== YOUR ASSIGNMENT ==
Your answer should be the lines of the listing that contain the word "Full".

== SOURCE MATERIAL ==
——

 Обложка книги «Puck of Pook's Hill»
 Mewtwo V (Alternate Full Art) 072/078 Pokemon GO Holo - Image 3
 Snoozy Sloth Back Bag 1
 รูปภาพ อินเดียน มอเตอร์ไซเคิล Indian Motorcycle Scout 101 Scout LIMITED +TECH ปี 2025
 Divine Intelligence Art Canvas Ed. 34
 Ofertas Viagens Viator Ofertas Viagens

——

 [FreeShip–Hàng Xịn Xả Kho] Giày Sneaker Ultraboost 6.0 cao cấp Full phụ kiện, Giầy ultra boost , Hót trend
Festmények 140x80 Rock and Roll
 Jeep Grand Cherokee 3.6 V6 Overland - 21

——

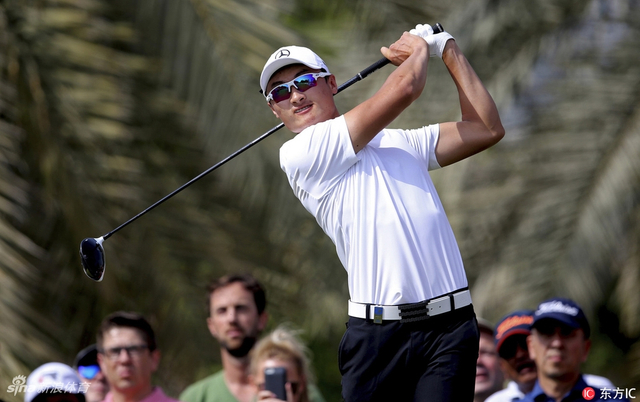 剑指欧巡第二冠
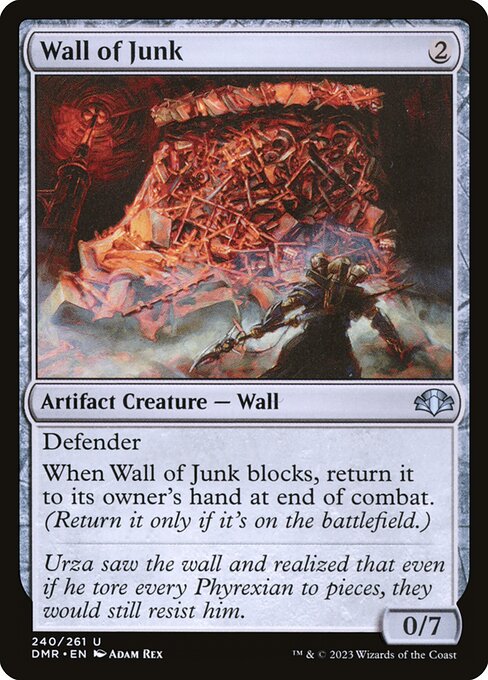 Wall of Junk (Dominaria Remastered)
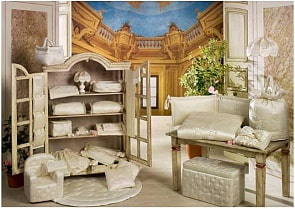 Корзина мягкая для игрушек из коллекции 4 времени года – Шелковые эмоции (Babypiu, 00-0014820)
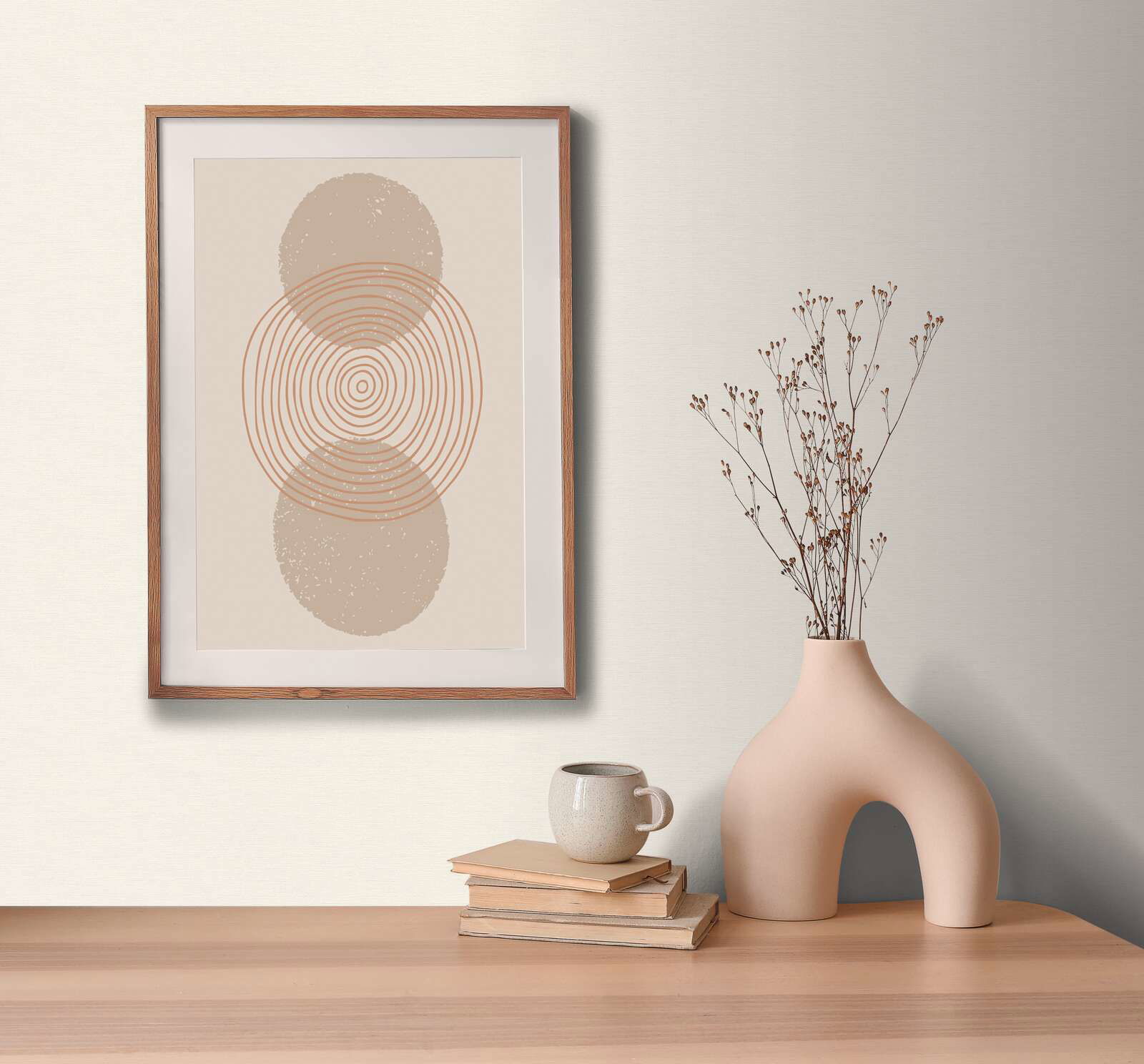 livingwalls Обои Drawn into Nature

——

== RESPONSE BELOW ==
 Mewtwo V (Alternate Full Art) 072/078 Pokemon GO Holo - Image 3
 [FreeShip–Hàng Xịn Xả Kho] Giày Sneaker Ultraboost 6.0 cao cấp Full phụ kiện, Giầy ultra boost , Hót trend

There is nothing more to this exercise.